[Problem details] Find the line containing "Gnoce Japanese Lucky" in the entries below. Restate it and each line after it, word for word, up to and including the line containing "SOULMEET Memorial Wings".

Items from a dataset
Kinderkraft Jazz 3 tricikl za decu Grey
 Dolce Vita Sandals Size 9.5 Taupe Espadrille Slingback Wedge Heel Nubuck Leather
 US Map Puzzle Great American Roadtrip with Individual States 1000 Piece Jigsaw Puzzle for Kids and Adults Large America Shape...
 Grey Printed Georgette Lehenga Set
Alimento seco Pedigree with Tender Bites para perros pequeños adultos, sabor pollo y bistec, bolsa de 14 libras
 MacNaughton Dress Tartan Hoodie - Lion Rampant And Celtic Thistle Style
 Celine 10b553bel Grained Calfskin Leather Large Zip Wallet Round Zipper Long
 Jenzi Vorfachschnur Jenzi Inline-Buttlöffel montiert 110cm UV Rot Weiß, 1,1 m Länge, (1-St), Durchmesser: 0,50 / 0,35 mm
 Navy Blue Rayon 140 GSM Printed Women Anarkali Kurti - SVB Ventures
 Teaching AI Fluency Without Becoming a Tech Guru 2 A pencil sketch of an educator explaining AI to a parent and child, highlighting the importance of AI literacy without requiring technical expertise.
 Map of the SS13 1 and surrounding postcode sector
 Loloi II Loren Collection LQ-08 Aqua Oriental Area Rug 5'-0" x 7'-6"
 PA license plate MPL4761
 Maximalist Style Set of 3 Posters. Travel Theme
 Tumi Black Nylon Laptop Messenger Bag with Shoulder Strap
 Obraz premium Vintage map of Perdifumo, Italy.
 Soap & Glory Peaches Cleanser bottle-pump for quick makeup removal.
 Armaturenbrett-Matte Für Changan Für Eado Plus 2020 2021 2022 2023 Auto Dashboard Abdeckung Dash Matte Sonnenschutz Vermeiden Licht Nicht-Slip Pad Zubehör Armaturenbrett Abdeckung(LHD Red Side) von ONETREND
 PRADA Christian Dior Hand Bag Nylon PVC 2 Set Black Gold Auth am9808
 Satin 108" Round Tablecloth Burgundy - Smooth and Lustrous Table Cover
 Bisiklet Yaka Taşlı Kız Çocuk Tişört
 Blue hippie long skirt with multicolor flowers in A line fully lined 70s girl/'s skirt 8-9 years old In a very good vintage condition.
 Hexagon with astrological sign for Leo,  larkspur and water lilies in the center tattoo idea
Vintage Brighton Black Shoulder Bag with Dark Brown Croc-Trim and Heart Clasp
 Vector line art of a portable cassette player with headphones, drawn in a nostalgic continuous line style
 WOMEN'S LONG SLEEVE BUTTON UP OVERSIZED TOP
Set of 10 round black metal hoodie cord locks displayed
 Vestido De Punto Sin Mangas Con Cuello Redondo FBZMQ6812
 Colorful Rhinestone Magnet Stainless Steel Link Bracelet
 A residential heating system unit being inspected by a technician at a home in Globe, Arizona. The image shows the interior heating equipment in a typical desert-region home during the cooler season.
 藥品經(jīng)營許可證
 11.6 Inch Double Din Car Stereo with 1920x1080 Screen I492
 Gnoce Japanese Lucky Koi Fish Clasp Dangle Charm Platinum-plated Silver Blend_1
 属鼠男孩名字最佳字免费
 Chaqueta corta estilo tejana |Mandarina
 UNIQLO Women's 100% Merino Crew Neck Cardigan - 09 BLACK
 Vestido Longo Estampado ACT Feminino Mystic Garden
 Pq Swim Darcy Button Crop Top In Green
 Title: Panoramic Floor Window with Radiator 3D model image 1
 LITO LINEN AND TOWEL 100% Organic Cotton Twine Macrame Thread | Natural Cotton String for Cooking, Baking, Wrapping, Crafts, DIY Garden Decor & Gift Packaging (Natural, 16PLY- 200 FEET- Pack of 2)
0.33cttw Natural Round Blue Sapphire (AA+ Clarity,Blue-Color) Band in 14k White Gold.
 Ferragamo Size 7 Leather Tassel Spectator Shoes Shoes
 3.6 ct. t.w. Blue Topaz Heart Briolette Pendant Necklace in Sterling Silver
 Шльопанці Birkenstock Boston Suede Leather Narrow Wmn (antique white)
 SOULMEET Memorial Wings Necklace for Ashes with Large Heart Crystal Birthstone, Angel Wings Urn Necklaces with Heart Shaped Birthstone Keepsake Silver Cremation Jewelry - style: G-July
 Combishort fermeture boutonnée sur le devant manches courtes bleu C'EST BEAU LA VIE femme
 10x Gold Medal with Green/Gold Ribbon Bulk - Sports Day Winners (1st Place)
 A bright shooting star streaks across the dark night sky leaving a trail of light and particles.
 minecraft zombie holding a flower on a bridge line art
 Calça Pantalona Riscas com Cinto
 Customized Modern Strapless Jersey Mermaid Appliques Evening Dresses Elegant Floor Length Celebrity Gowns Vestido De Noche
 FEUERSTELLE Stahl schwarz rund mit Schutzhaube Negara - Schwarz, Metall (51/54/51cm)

[Task response]
 Gnoce Japanese Lucky Koi Fish Clasp Dangle Charm Platinum-plated Silver Blend_1
 属鼠男孩名字最佳字免费
 Chaqueta corta estilo tejana |Mandarina
 UNIQLO Women's 100% Merino Crew Neck Cardigan - 09 BLACK
 Vestido Longo Estampado ACT Feminino Mystic Garden
 Pq Swim Darcy Button Crop Top In Green
 Title: Panoramic Floor Window with Radiator 3D model image 1
 LITO LINEN AND TOWEL 100% Organic Cotton Twine Macrame Thread | Natural Cotton String for Cooking, Baking, Wrapping, Crafts, DIY Garden Decor & Gift Packaging (Natural, 16PLY- 200 FEET- Pack of 2)
0.33cttw Natural Round Blue Sapphire (AA+ Clarity,Blue-Color) Band in 14k White Gold.
 Ferragamo Size 7 Leather Tassel Spectator Shoes Shoes
 3.6 ct. t.w. Blue Topaz Heart Briolette Pendant Necklace in Sterling Silver
 Шльопанці Birkenstock Boston Suede Leather Narrow Wmn (antique white)
 SOULMEET Memorial Wings Necklace for Ashes with Large Heart Crystal Birthstone, Angel Wings Urn Necklaces with Heart Shaped Birthstone Keepsake Silver Cremation Jewelry - style: G-July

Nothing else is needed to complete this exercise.